Incidents in the Rue Laugier (1996): Brookner’s protagonists often find themselves the uncomfortable outsider in life, either as the French person in the company of English as is Maud Gonier (for Brookner, a relatively young woman during the meat of this novel), or as a Jew (though generally unspoken) in others… As Maud is readied for the marriage market by her pushy mother, she meets a suitable if roguish Englishman named David Tyler… After a rather intense affair, she is cast off to one of his friend, the mild Edward Harrison. Disappointment ensues. Surely other Brookner heroines have had happier fates, and one thinks perhaps Maud would have been happier alone.

Hotel Du Lac (1985, re-read in 1996): Well here is my #1 book of the month by a longshot. I reread it to lead our (Mequon) in-store book group and what a fascinating conversation we had. Edith Hope is a writer of romance, who is holed up in a Swiss hotel, living out the infamy of a bad decision she made in London. What is that decision? (Hope observes the other occupants of the hotel and winds up finding herself in another romantic quandary. I called this novel, her fourth, one of the most accessible Brookners.)

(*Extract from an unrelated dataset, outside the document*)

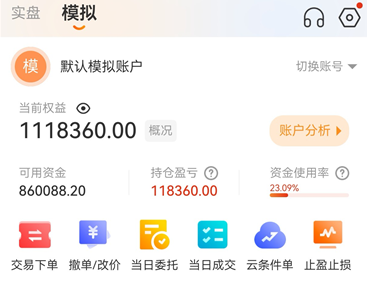 零基础学期货先学会哪款看盘软件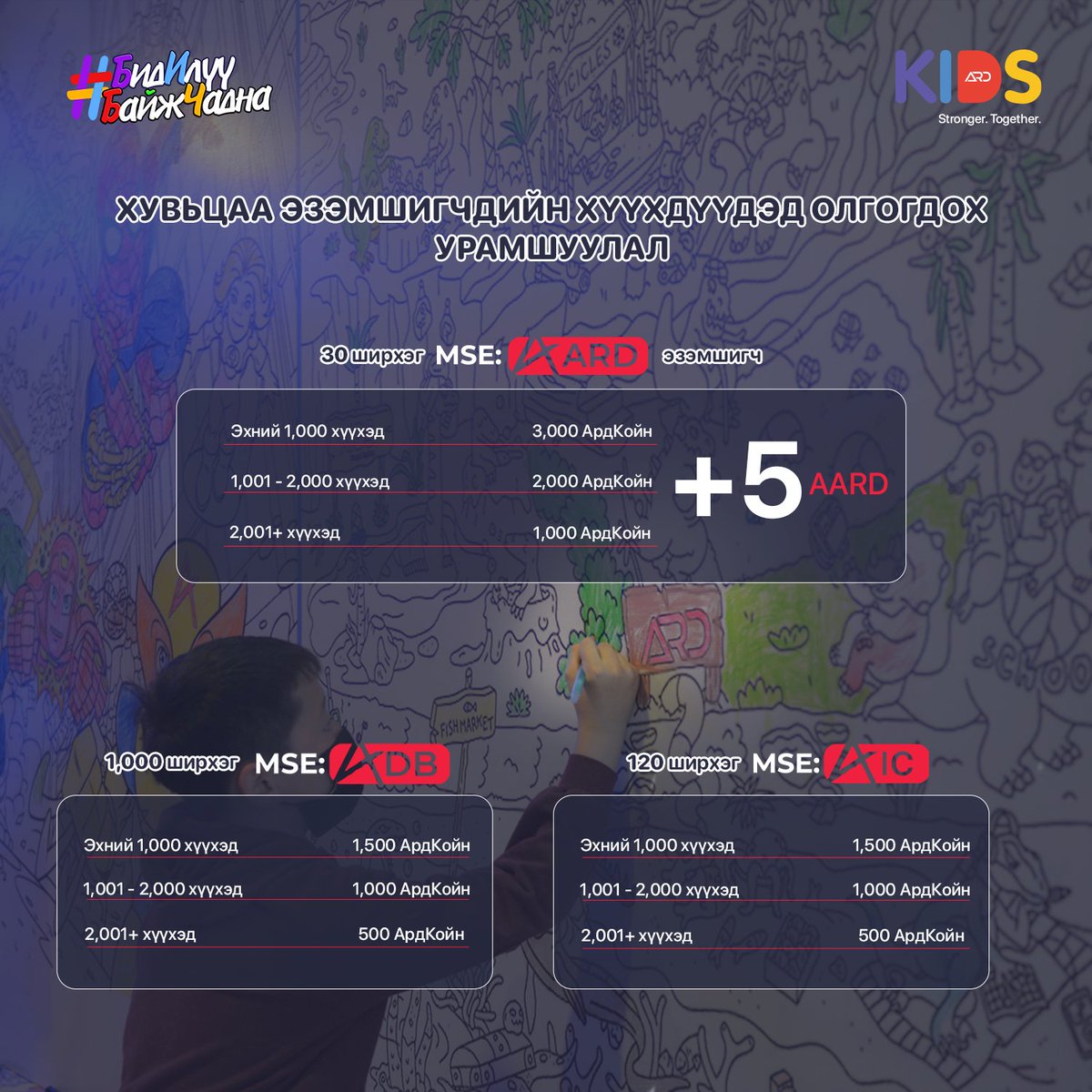 #БидИлүүБайжЧадна аяны хүрээнд AARD, AIC, ADB хувьцаа эзэмшигчдийн хүүхдүүдэд онцгой урамшуулал 

12 сарын 31-ний байдлаар шалгуурын дагуу хувцьаа эзэмшсэн, ArdKids Аппдаа бүртгүүлсэн, идэвхтэй ашигладаг хувьцаа эзэмшигчдийн хүүхдүүдэд бэлэгтэй!

#ХүчтэйХамтдаа
#БидИлүүБайжЧадна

Altered States (1997): Alan Sherwood is seduced by a temptress, Sarah Miller, but settles into marriage with her hanger-on, Angela Milson. Anyone who has read Incidents in the Rue Laugier will recognize this plot. Brookner has reversed the genders and changed the perspective from omniscient to first-person. Brookner has also replaced the resignation of Incident to anger here… Brookner captures the intensity of doomed longing as well as anyone, despite making Sarah almost humorously monstrous.

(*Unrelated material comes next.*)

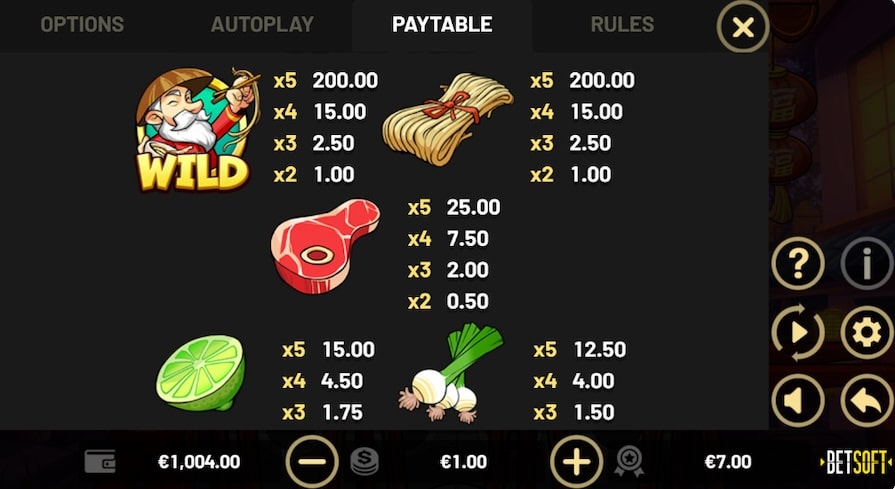 Символы и выплаты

The Debut (published in 1981 as A Start in Life, read in 1997): Despite the unusual note of hope at the end of The Debut, Brookner’s novel has a rich maturity that stands up to her later works. Of course we cannot be certain that this is Brookner’s first novel at all, only her first published one. This is the one book not published in hardcover by Pantheon or Random House, but by shuttered imprint Linden Press, Simon's boutique imprint headed by Joni Evans, which is why since 2018 it a Simon and Schuster paperback. At right is a UK edition, far more livelier than any American jacket I've come across.

Visitors (1998): After two novels that swept through the years, dealing with wrong romantic choices of one’s youth, Brookner returns to the present and an elder heroine. Dorothea May, known variously as Thea and Mrs. May, is a childless woman of 70, married late and widowed early, who is convinced to take in guests for her husband’s cousin’s wedding… Her guest, Steve Best, both annoys and intrigues her, intruding on her lonely life, disrupting routing, and unnerving her reserve. This does not cause any change in Thea’s life, but is more of a springboard for contemplation.

Falling Slowly (1999): Miriam Sharpe is a translator in London, divorced, and living with her younger sister Beatrice, an accompanist. Fringe dwellers of a sophisticated set, they have forsaken love and marriage for semi-solitude… I recently saw Brookner’s novels referred to as anti-romances, and in Falling Slowly, Brookner conforms to that genre by tying up every loose end in the saddest possible way… (this dropped back to #3)

Undue Influence (2000): Some Brookner fans seem to have taken Undue Influence as one of the best, but I begged to differ. Claire Pitt, on her own after the death of her mother, is a clerk in a second-hand bookstore run by two elderly sisters. Widower Martin Gibson becomes a semi-regular customer, and Claire an he begin an affair. Despite his seeming weaknesses, she hopes to marry him. Needless to say, happiness isn’t exactly around the corner for Brookner heroines (#5 for the month)

The Bay of Angels (2001): Is life like a fairy tale? That’s what Zoe Cunningham believes, as she and her mother live quietly in Edith Grove. Then a happy ending does come into her life Simon is older, Jewish, and owns a house in France. Eventually that’s where Zoe's mother settles, but something still seems wrong... All Brookner novels are special. However, even I can understand how readers can get the one where the woman never recovered from the bad affair and died a spinster confused with the one where she married on the rebound and died after a lifeless marriage. (Back at #1 – Ah, a theme! The aftermath of love. In this book, I note that Brookner sees an alternative besides impossible happiness and a lifetime of despair).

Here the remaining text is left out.